▶ _WORK TO BE COMPLETED_
Transcribe the entries exactly as given and skip whatever images they hold.

▶ _Brief descriptive captions_
[Start of section]
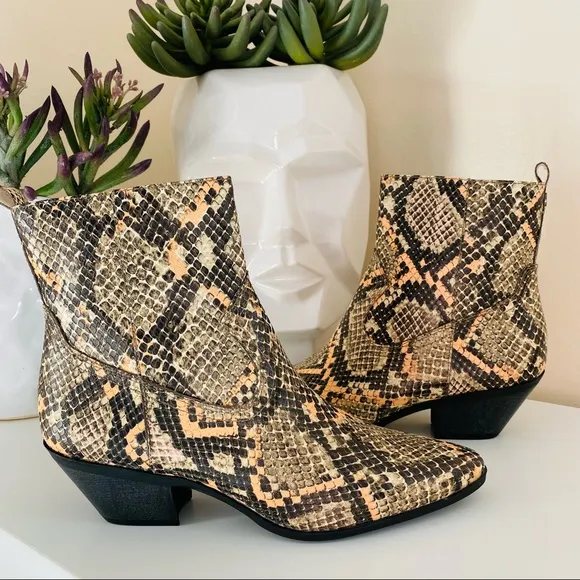 New Circus by Sam Edelman Western boho ankle snakeskin Boots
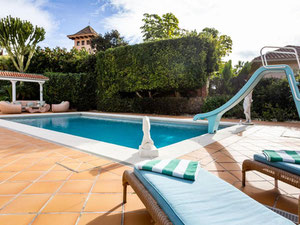 Villa 5 bedrooms 430 m² in Elviria, Spain — Find off-plan property or real estate resale directly from developers and owners GEOLN.COM. Photo 5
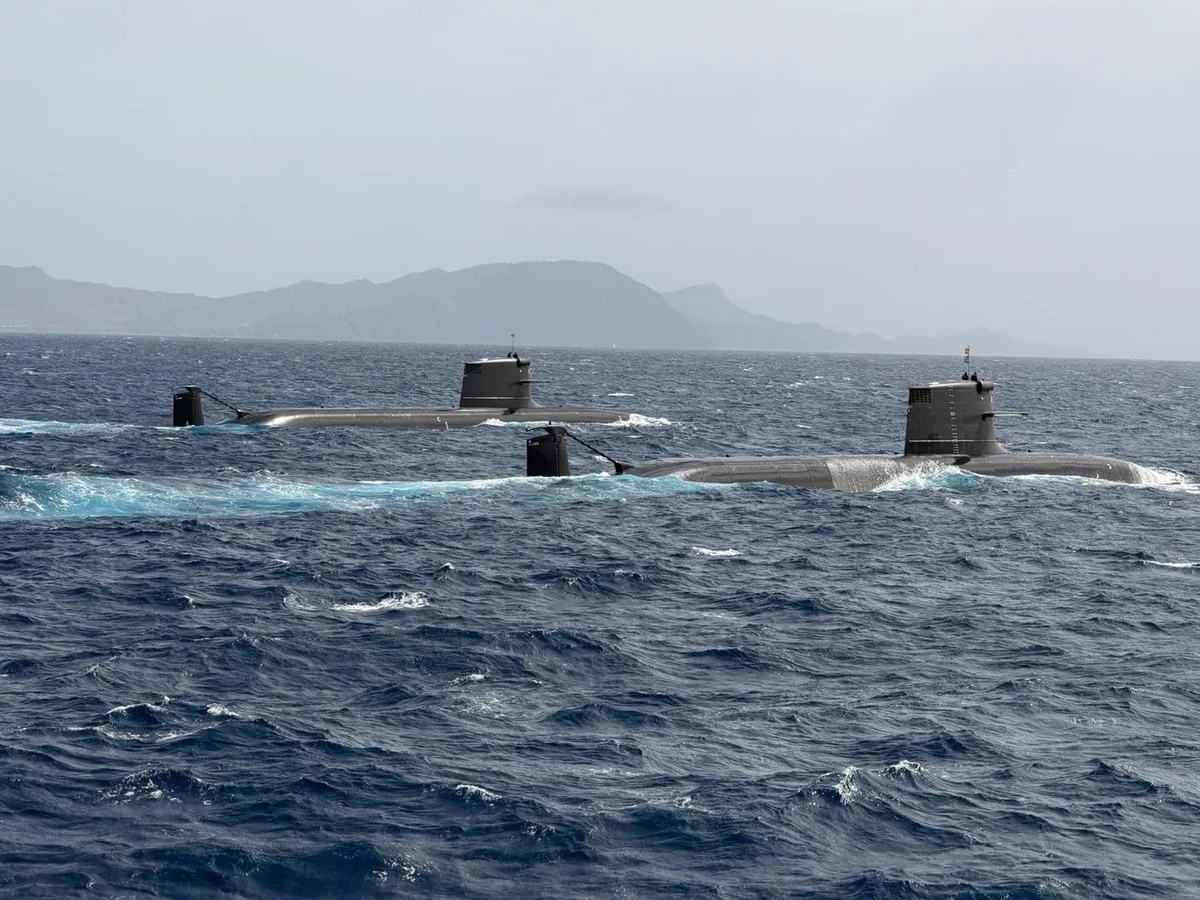 Los submarinos S-81 'Isaac Peral' y S-82 'Narciso Monturiol' navegan juntos por primera vez en aguas de Cartagena
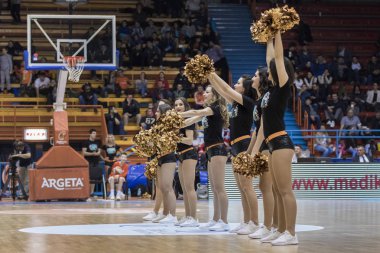 Zagreb, Hırvatistan - 25 Mart 2018: Aba Ligi 'nde oynanan basketbol maçında Cedevitas ponpon kızları sahne aldı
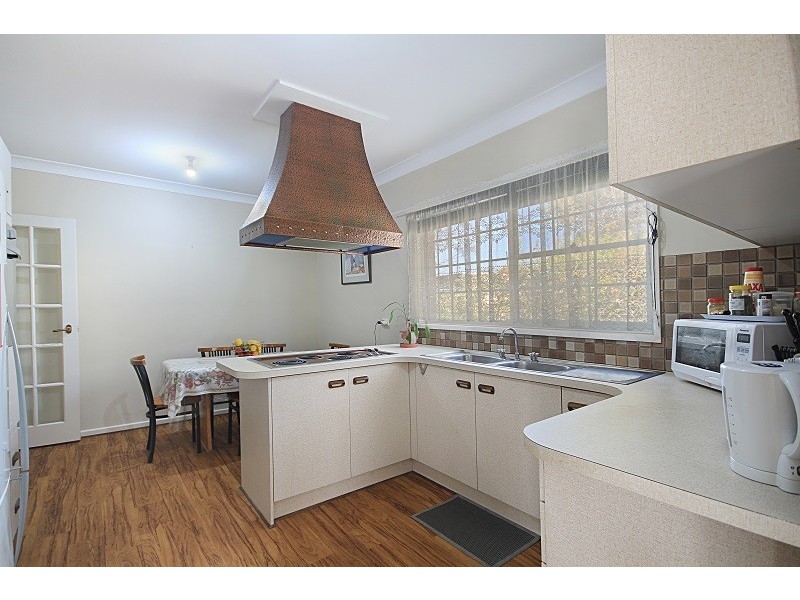 8 Wharf Road, Erowal Bay NSW 2540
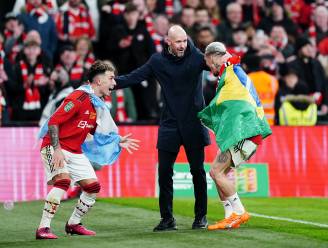 Man United pakt eerste prijs in zes jaar, dansende Ten Hag tot de orde geroepen door grappende Roy Keane: “Je zou ontslag moeten nemen”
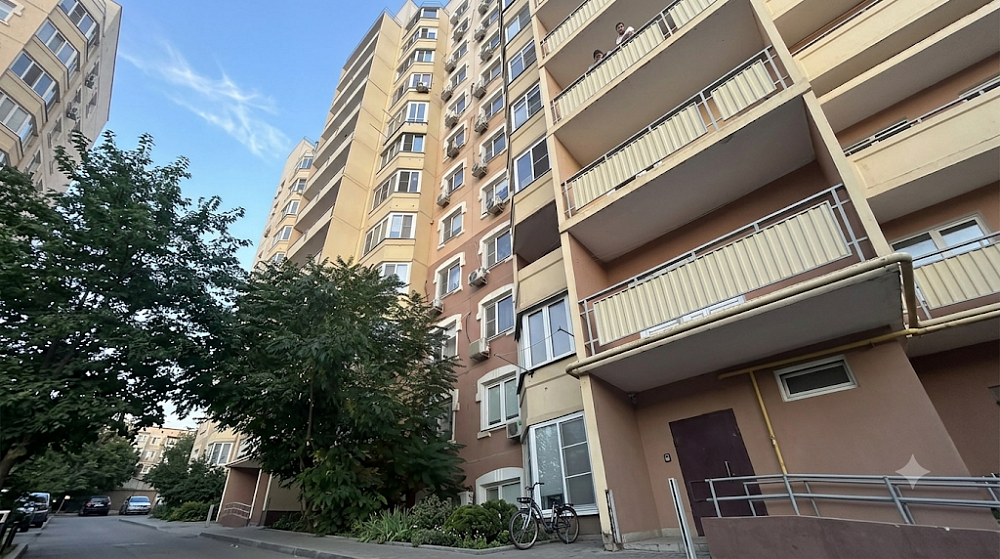 Москитная сетка не удержала ребенка от падения из окна астраханской высотки
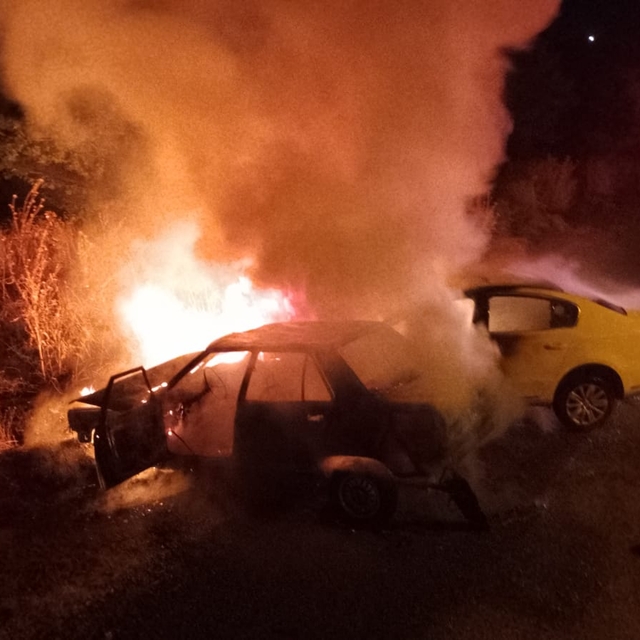 Nevşehir'de çarpışan iki otomobil yandı, sürücüleri yaralandı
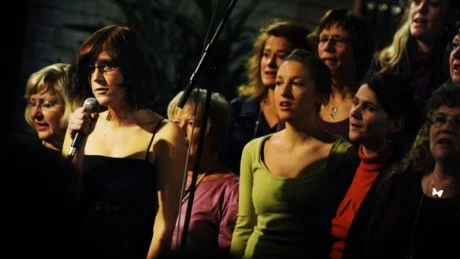 Människan är ömtålig, sjöng solisten Emilia Fransson och hela Cantabile i låten Fragile vid Cantabilekörens bejublade konsert i Mariebrogskyrkan på lördagseftermiddagen.
Foto: Ellen Kindstrand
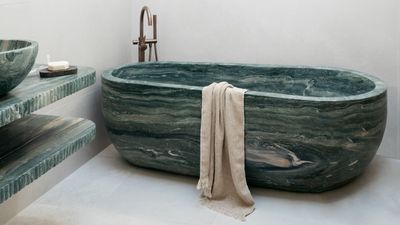 8 Green Marble Bathroom Ideas That Are Bold, Beautiful, and Anything but Basic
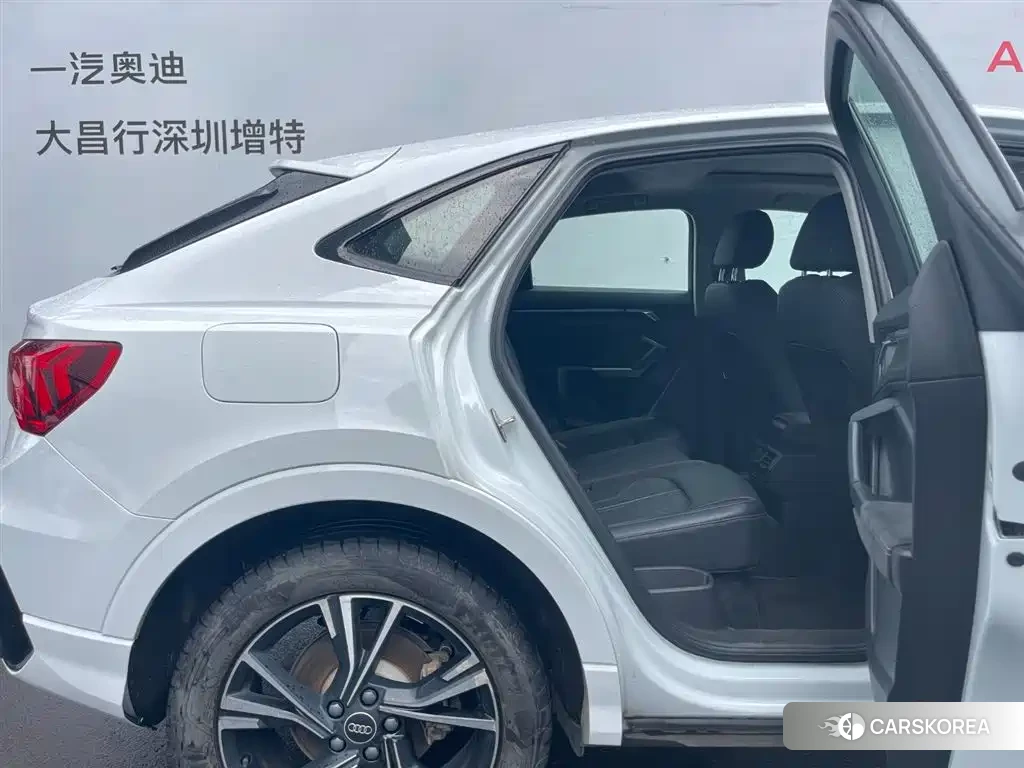 Audi Q3 Sportback id 4644711 из Китая 16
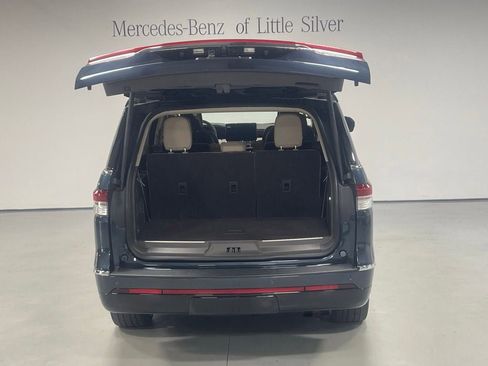 Used 2022 Lincoln Navigator Reserve AWD/4WD image 5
[End of section]
▶ _OUTPUT_
 New Circus by Sam Edelman Western boho ankle snakeskin Boots
 Villa 5 bedrooms 430 m² in Elviria, Spain — Find off-plan property or real estate resale directly from developers and owners GEOLN.COM. Photo 5
 Los submarinos S-81 'Isaac Peral' y S-82 'Narciso Monturiol' navegan juntos por primera vez en aguas de Cartagena
 Zagreb, Hırvatistan - 25 Mart 2018: Aba Ligi 'nde oynanan basketbol maçında Cedevitas ponpon kızları sahne aldı
 8 Wharf Road, Erowal Bay NSW 2540
 Man United pakt eerste prijs in zes jaar, dansende Ten Hag tot de orde geroepen door grappende Roy Keane: “Je zou ontslag moeten nemen”
 Москитная сетка не удержала ребенка от падения из окна астраханской высотки
 Nevşehir'de çarpışan iki otomobil yandı, sürücüleri yaralandı
 Människan är ömtålig, sjöng solisten Emilia Fransson och hela Cantabile i låten Fragile vid Cantabilekörens bejublade konsert i Mariebrogskyrkan på lördagseftermiddagen.
Foto: Ellen Kindstrand
 8 Green Marble Bathroom Ideas That Are Bold, Beautiful, and Anything but Basic
 Audi Q3 Sportback id 4644711 из Китая 16
 Used 2022 Lincoln Navigator Reserve AWD/4WD image 5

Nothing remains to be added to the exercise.